GIVEN RECORDS Start Marker
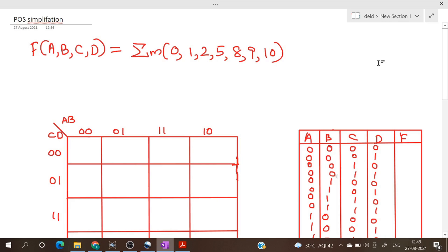Hello everyone. In this video we will see the simplification and implementation of a logic expression in POS form. The function given is f(A,B,C,D) = Σ(0,1,2,5,8,9,10). We have to simplify this in POS form and realize it using basic gates and NOR gates only.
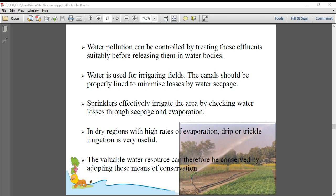Seepage means the dripping or trickling of water from a particular source. For example, if a water pipe is cut, you will see drops trickling down. Or if a tap doesn't close tightly, your bathroom tap will drip one drop at a time — that is leakage. So seepage means leakage of water.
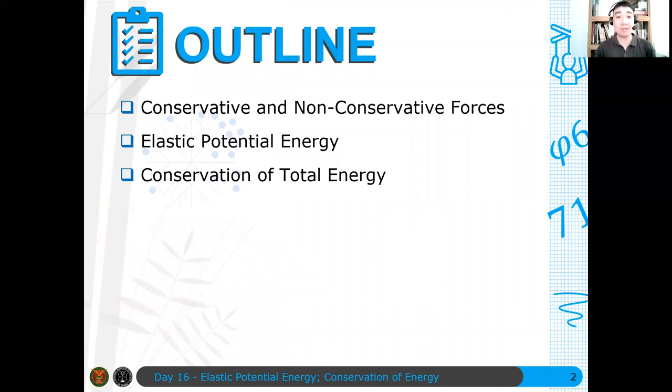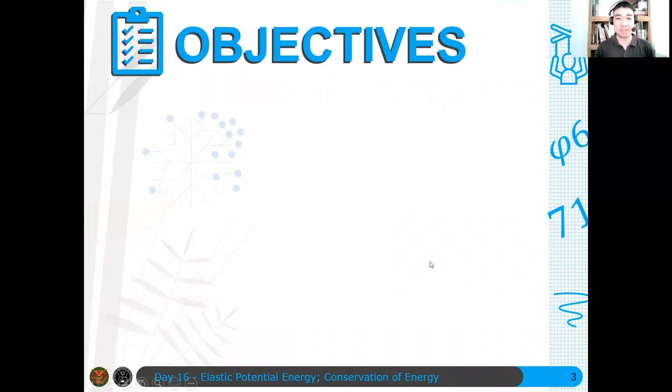Without further ado, let's go to our outline. We will first discuss conservative and non-conservative forces, then discuss elastic potential energy, and finally discuss conservation of total energy. These are quite lengthy objectives for this discussion — I hope I can finish on time.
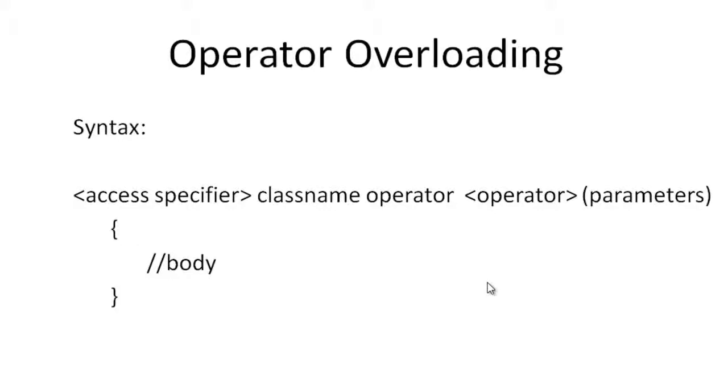C# operators can be overloaded to do different functionality altogether. This is called operator overloading in C#. Thus, operator overloading provides additional functionality to the operators.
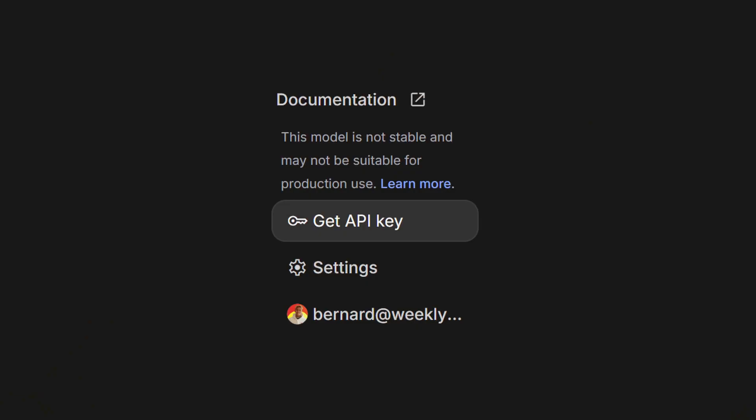Sadly, Nano Banana on AI Studio is not working right now. I think the reason is because so many people are using it and the server can't handle all the requests. It's also currently in preview, so there's probably another reason too. Maybe after a couple of weeks, AI Studio will be able to handle your requests.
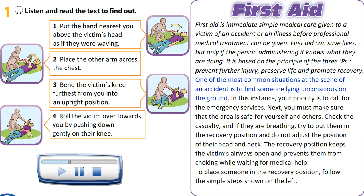One of the most common situations at the scene of an accident is to find someone lying unconscious on the ground. In this instance, your priority is to call for the emergency services. Next, you must make sure that the area is safe for yourself and others.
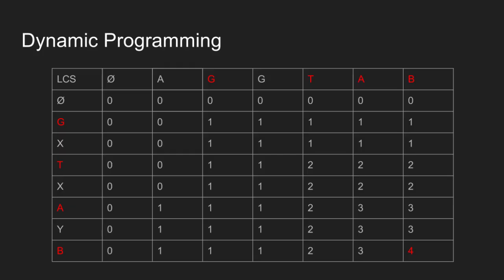We start from the bottom right corner. If we see that the stored value is not the maximum of top and left cell, it means the current character is part of the longest common subsequence. So we pick the character B and move diagonally up.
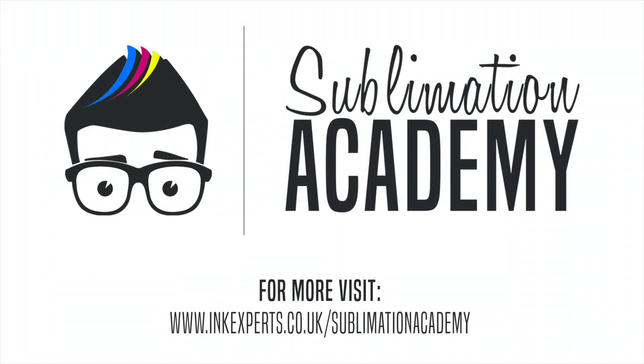For more please visit inkexperts.co.uk/sublimationacademy and don't forget to like and subscribe.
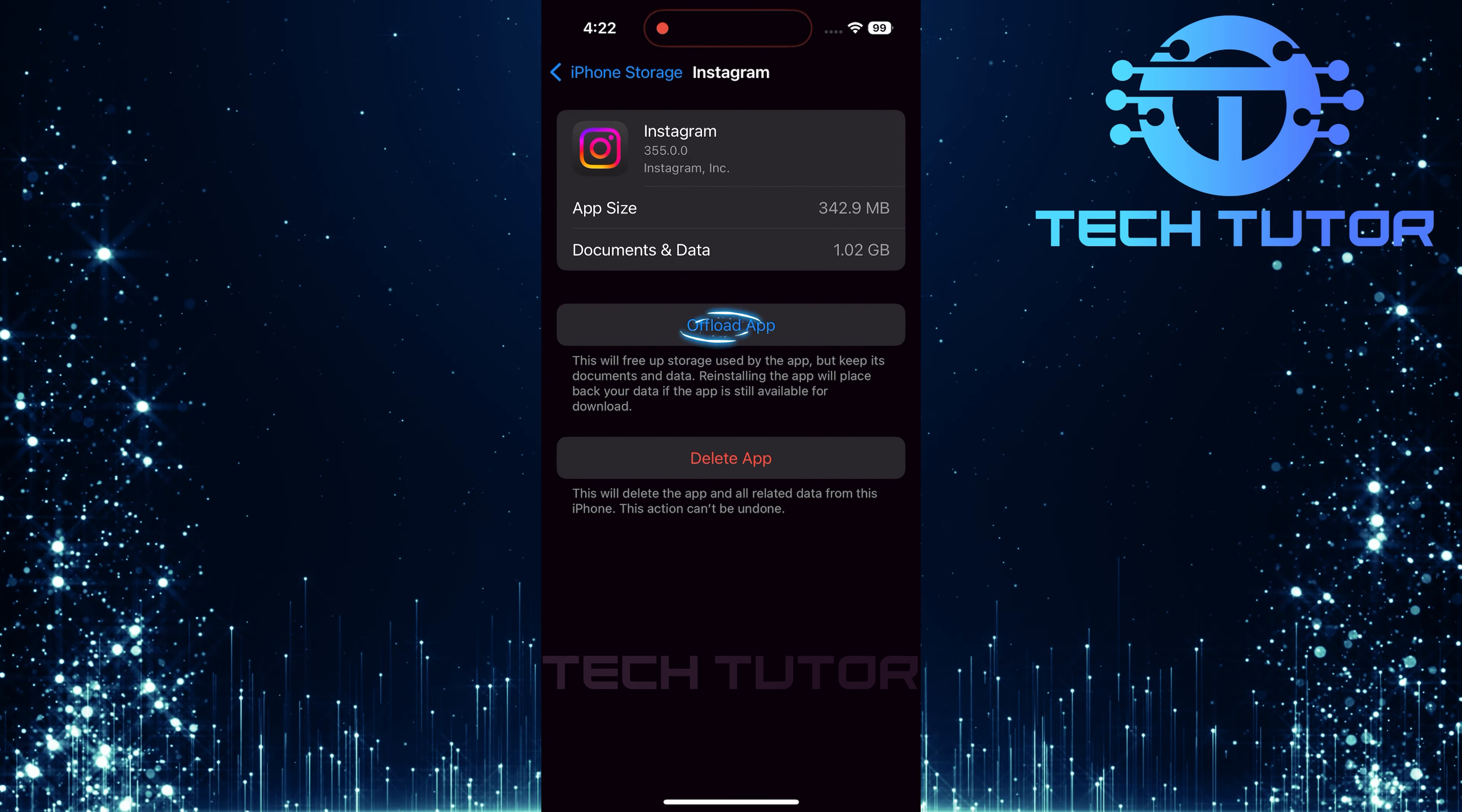Scroll down until you locate Instagram in your list of apps. Once found, tap on it and select Offload app.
GIVEN RECORDS End Marker
In the copy, include every record exactly and no pictures at all.

Hello everyone. In this video we will see the simplification and implementation of a logic expression in POS form. The function given is f(A,B,C,D) = Σ(0,1,2,5,8,9,10). We have to simplify this in POS form and realize it using basic gates and NOR gates only.
Seepage means the dripping or trickling of water from a particular source. For example, if a water pipe is cut, you will see drops trickling down. Or if a tap doesn't close tightly, your bathroom tap will drip one drop at a time — that is leakage. So seepage means leakage of water.
Without further ado, let's go to our outline. We will first discuss conservative and non-conservative forces, then discuss elastic potential energy, and finally discuss conservation of total energy. These are quite lengthy objectives for this discussion — I hope I can finish on time.
C# operators can be overloaded to do different functionality altogether. This is called operator overloading in C#. Thus, operator overloading provides additional functionality to the operators.
Sadly, Nano Banana on AI Studio is not working right now. I think the reason is because so many people are using it and the server can't handle all the requests. It's also currently in preview, so there's probably another reason too. Maybe after a couple of weeks, AI Studio will be able to handle your requests.
One of the most common situations at the scene of an accident is to find someone lying unconscious on the ground. In this instance, your priority is to call for the emergency services. Next, you must make sure that the area is safe for yourself and others.
We start from the bottom right corner. If we see that the stored value is not the maximum of top and left cell, it means the current character is part of the longest common subsequence. So we pick the character B and move diagonally up.
For more please visit inkexperts.co.uk/sublimationacademy and don't forget to like and subscribe.
Scroll down until you locate Instagram in your list of apps. Once found, tap on it and select Offload app.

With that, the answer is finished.